§ **WHAT TO PRODUCE**:
Drop every picture. Return the rest of the entries exactly.

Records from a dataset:
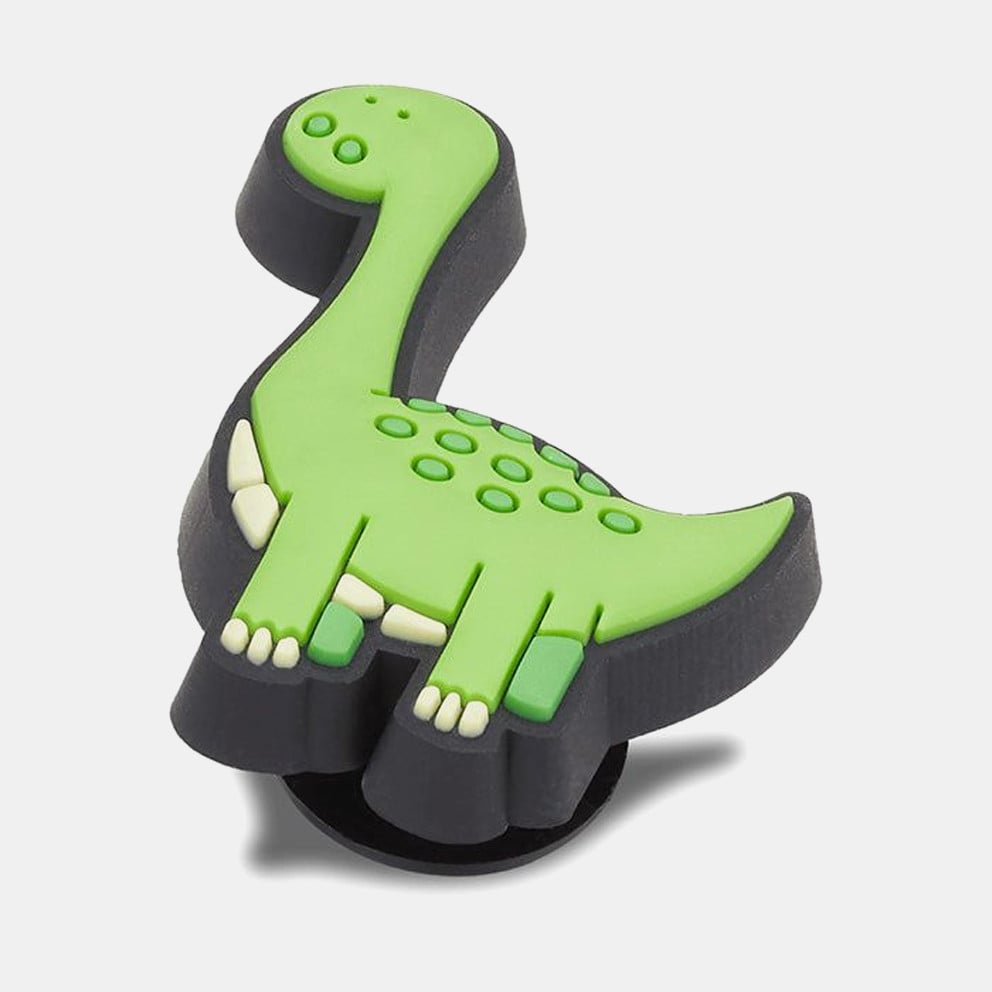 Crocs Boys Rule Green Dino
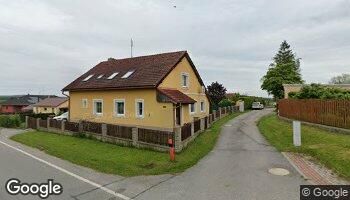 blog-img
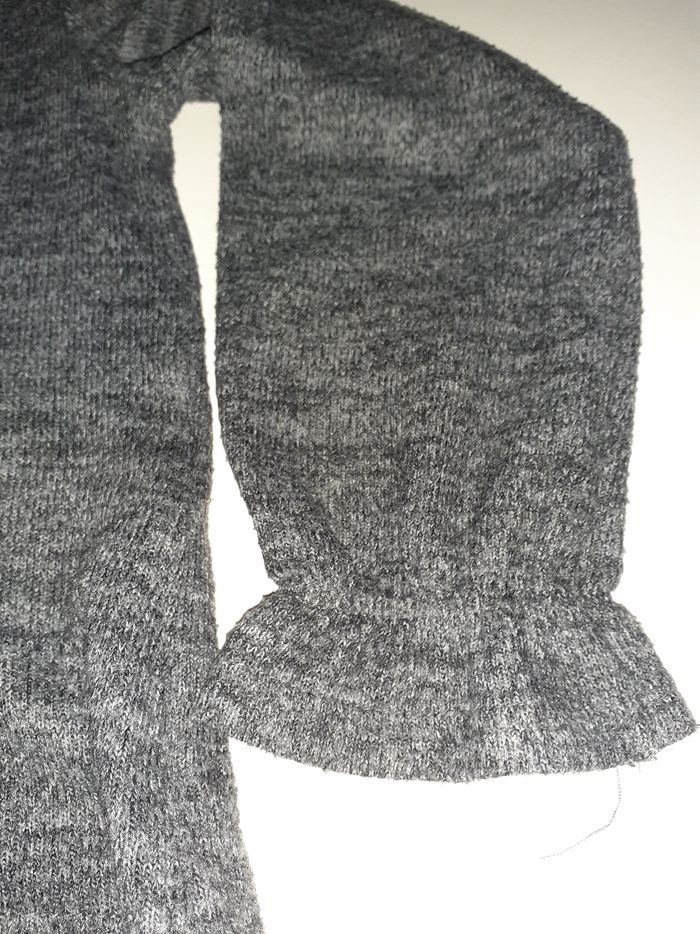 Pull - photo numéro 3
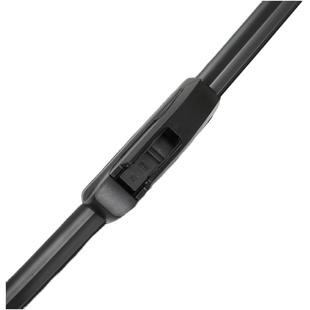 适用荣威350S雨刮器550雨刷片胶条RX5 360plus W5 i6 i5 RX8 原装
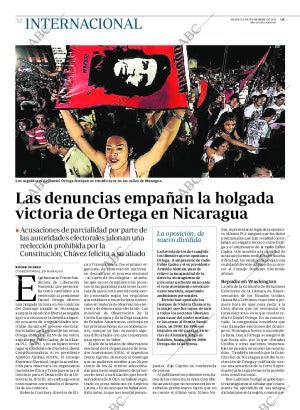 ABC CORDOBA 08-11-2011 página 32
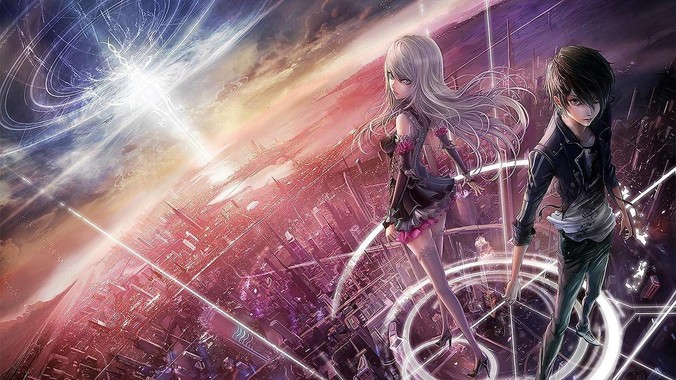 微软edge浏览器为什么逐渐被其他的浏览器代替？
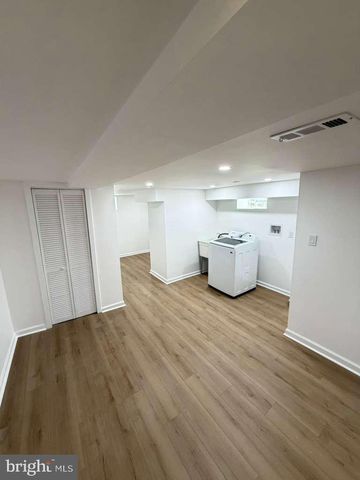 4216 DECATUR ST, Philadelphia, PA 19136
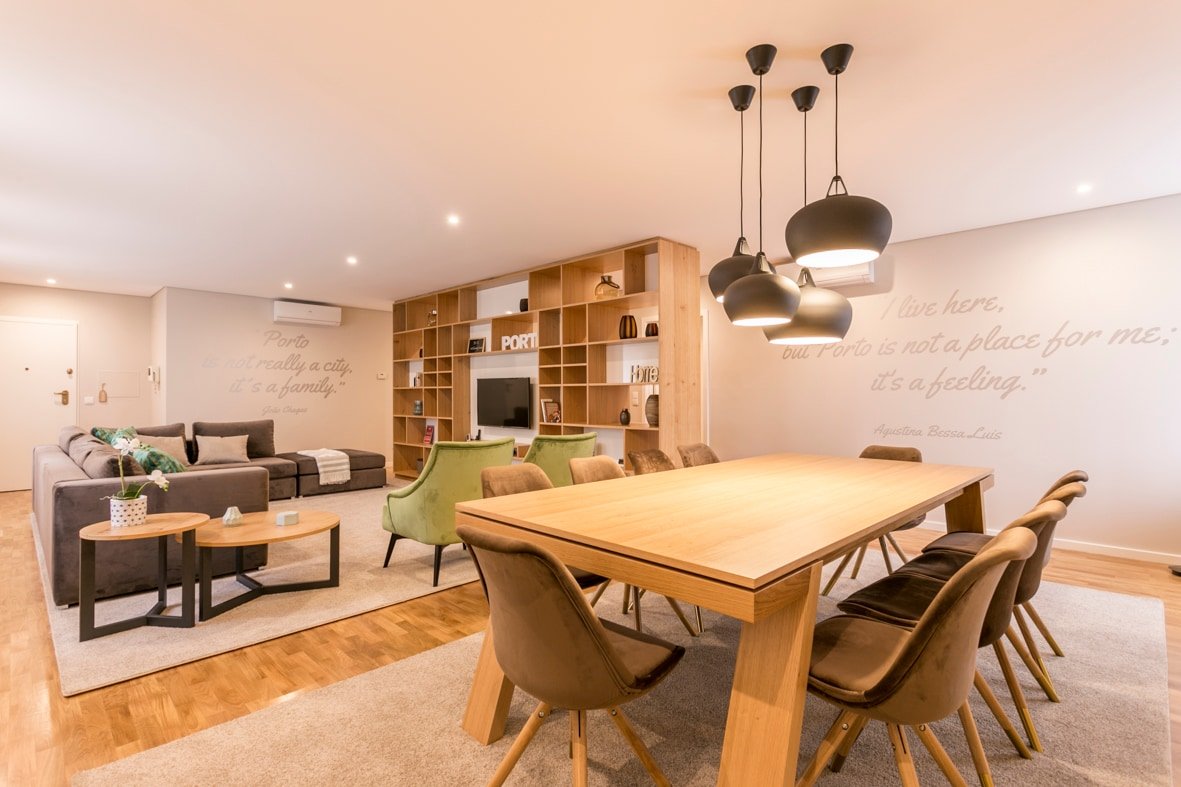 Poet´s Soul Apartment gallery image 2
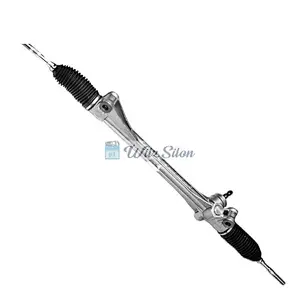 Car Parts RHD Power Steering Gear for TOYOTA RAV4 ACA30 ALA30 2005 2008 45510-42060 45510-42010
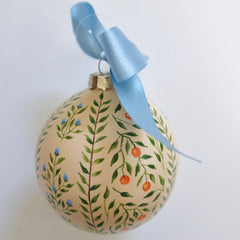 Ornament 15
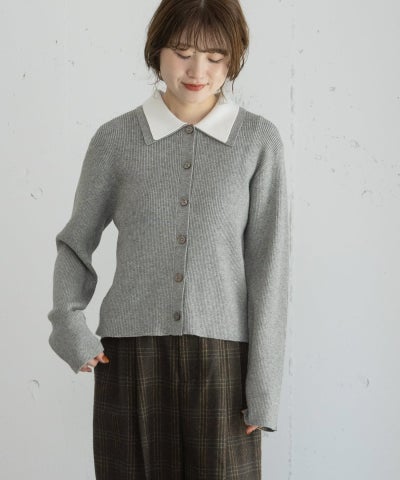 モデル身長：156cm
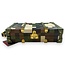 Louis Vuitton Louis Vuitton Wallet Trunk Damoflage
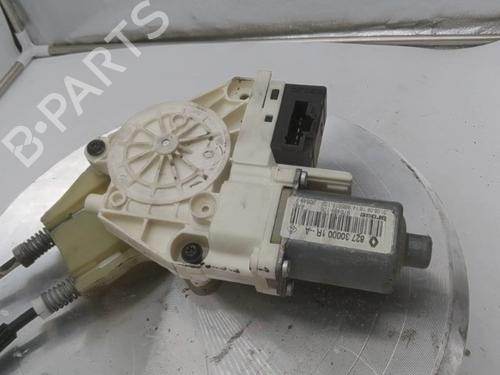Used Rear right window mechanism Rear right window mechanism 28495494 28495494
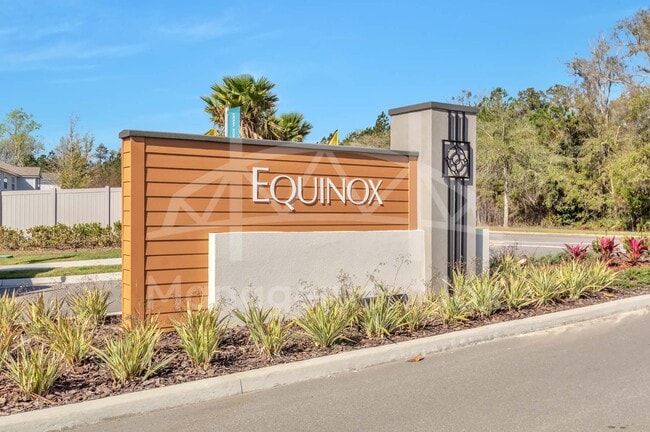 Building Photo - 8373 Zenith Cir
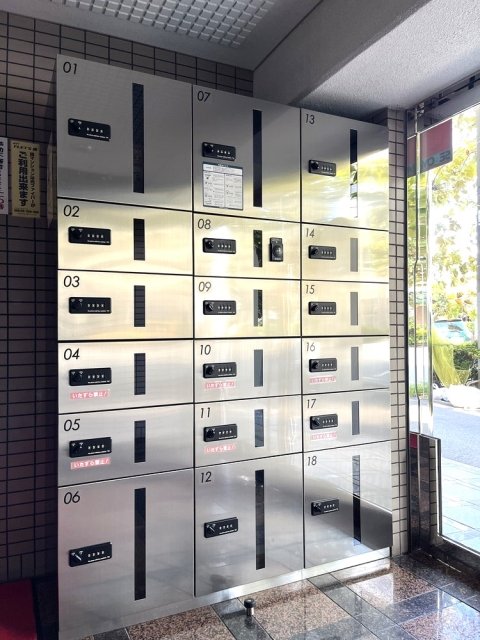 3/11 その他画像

§ **WRITTEN ANSWER**:
 Crocs Boys Rule Green Dino
 blog-img
 Pull - photo numéro 3
 适用荣威350S雨刮器550雨刷片胶条RX5 360plus W5 i6 i5 RX8 原装
 ABC CORDOBA 08-11-2011 página 32
 微软edge浏览器为什么逐渐被其他的浏览器代替？
 4216 DECATUR ST, Philadelphia, PA 19136
 Poet´s Soul Apartment gallery image 2
 Car Parts RHD Power Steering Gear for TOYOTA RAV4 ACA30 ALA30 2005 2008 45510-42060 45510-42010
 Ornament 15
 モデル身長：156cm
 Louis Vuitton Louis Vuitton Wallet Trunk Damoflage
Used Rear right window mechanism Rear right window mechanism 28495494 28495494
 Building Photo - 8373 Zenith Cir
 3/11 その他画像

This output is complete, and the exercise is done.